In particular, the rise of well-coordinated criminal gangs means that it is no longer enough for organizations simply to detect large anomalies in individual transactions. When fraudsters work together and spread their activity across a large number of transactions, you need to be able to look for much subtler patterns in customer behaviors and relationships.
The evolving nature of online fraud – with most fraudsters now aiming to bleed their targets for multiple small pay-offs over time, instead of risking a single big score – also puts a premium on the ability to detect problems quickly.
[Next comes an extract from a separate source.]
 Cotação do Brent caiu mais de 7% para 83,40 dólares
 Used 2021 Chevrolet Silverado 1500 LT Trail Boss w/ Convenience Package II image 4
The sooner you can identify a suspicious behavior pattern or a group of individuals who seem to be colluding, the faster you can block their activity, which helps to prevent additional losses and minimize the drain on your bottom line.
How to Prevent Fraud Before You Pay the Price
Fundamentally, fraud detection depends on an ability to analyze the relationships between customers and transactions, and recognize patterns or trends.
Let’s take an example: a complex credit card fraud scheme. Fraudsters create a large number of false identities, establish fake credit histories, apply for credit cards, and then collude with unscrupulous businesses to process “purchases” that never actually take place. When the credit card company pays up, the merchants and fraudsters then share the proceeds.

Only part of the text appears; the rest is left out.